Para Felipe Benítez Reyes, la aurora vespertina es un lenguaje de ocres y morados, de lava serenada, de un hondo bermellón entre cenizas. El poeta escribe Un mentido color con la tinta inolvidada del tiempo. Agua que mana en vilo camino de la nada, sus versos se detienen en Silvia a lo que conoce en un lugar sin tiempo ni memoria, junto a los fuegos sagrados de los dioses extinguidos, en la secreta arcada de los últimos dragones. I’ll build a palace made of night. Hecho de noche y de olas que rompen en la orilla, laberinto de la soledad en las aguas escondido, es el himno resonante que celebra la vida y la elegía veloz.
En la noche callada, aprende como Sartre, que el ser es un ser para la nada, es un ser para la muerte. Frente al jardín helado, solo quiere saber del ser al que ama, de los dos y nadie más, y el universo. Glosa entonces la melancolía para que el tiempo se olvide del dolor de no ser y estar siendo. Cae la nieve, liviana y grávida, y la mujer dibuja en el aire la melena de áspides de Medusa, mientras se extingue la noche de nieve clandestina. Es la cuchilla que escinde las manos de esa niebla que envuelve a la memoria.

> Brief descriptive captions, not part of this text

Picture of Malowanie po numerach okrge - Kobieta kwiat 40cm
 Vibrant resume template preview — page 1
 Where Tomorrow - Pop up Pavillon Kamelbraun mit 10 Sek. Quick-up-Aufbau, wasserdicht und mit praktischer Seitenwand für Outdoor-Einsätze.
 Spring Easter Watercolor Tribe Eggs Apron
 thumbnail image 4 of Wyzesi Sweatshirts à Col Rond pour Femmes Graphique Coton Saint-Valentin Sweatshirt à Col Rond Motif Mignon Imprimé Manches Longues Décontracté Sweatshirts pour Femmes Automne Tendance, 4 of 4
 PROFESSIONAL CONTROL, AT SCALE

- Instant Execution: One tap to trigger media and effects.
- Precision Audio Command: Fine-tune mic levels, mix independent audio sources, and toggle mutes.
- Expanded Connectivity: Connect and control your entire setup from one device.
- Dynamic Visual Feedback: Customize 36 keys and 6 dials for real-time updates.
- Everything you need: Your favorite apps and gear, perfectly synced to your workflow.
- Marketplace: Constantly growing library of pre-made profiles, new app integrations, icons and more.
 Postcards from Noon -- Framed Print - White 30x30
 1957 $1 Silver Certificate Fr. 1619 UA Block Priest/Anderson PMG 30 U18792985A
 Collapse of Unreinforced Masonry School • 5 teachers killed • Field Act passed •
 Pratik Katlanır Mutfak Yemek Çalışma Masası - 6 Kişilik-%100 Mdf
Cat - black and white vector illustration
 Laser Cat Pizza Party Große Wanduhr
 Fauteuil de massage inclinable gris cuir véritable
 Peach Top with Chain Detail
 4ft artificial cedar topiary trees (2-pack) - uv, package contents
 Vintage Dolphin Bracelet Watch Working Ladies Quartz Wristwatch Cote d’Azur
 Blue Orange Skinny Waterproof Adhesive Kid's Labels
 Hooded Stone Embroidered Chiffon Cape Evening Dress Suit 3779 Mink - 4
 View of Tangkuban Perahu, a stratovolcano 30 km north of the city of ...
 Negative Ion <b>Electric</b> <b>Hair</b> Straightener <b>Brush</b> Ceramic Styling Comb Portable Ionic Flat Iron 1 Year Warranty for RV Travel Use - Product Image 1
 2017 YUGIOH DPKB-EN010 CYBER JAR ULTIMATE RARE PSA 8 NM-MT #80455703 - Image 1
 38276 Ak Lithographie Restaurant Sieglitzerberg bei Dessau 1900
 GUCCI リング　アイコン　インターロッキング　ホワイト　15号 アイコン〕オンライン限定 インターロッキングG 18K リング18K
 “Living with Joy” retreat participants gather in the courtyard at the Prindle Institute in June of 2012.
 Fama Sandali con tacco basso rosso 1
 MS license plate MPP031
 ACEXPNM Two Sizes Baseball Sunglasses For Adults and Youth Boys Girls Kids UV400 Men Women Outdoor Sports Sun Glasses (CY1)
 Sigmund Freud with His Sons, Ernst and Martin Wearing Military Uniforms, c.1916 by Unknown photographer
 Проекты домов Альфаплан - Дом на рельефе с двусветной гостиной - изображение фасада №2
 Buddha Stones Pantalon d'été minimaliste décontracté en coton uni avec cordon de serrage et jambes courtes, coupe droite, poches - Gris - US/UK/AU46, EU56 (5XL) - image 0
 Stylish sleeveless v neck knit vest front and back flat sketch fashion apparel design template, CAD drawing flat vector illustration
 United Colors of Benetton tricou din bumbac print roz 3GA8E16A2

El poeta sabe que nunca ha sido nada, pero sí a veces el universo, depositario de todos los prodigios, de las cosas cotidianas de los días vulgares, del aliento machadiano hacia el último viaje, ligero de equipaje como los hijos del mar. Piensa que en el tiempo nos somos y no somos, solo una sucesión de irregularidades porque en el aire de este mar sin amor, solo quedan las sirenas disgregando el pasado. Tendido en la arena como un náufrago, el poeta navega por los versos aturdidos, divagando sobre la esencia del vacío. Podría decir como Pablo Neruda, yo soy el que te espera en la estrellada noche, sobre las áureas playas, sobre las rubias eras, el que cortó jacintos para tu lecho, y rosas, tendido entre la hierba yo soy el que te espera. Mecen su esmalte de luto las aguas enlutadas y piensa el poeta que su pensamiento, encerrado en el verso libre, no puede desembarazarse de las convicciones estancadas.
Entre los oros exangües del pasado, se adivina el perfil aguileño del hombre que se enfangó en sí mismo. Y en sus cavilaciones. Y también en la noche que cae sobre todo lo que está a punto de morir. Junto al teatro sin fin de la memoria, Felipe Benítez Reyes se acuerda de lo que fue, de lo que no es verdad ni mentira en el tránsito mágico del ser hacia la nada. “En qué mar –se pregunta– arrojaste por desdén el dios de oro y el cetro de la luna, la vagabunda blanca”.
Sabe el poeta que en la vida todo es avanzar no hacia quien eres sino hacia quien vas dejando de ser. Y no quiere caminar por la honda aventura de los altos abismos, de una tierra de nadie con espejos en llamas. Extiende entonces su mano en busca de otra mano que le sujete al mundo.
Se le agolpan al poeta los sueños de la infancia, cuando era un niño navegante del océano infinito, corsario de la arena con tesoros y se mira allá enel tiempo que no es nada, en la mar extraña que bordea su deriva. Se reclina entonces enlos oros cansados de la tarde, como el timon el de un barco hundido y vaga sin sentido por los adentros de la nada.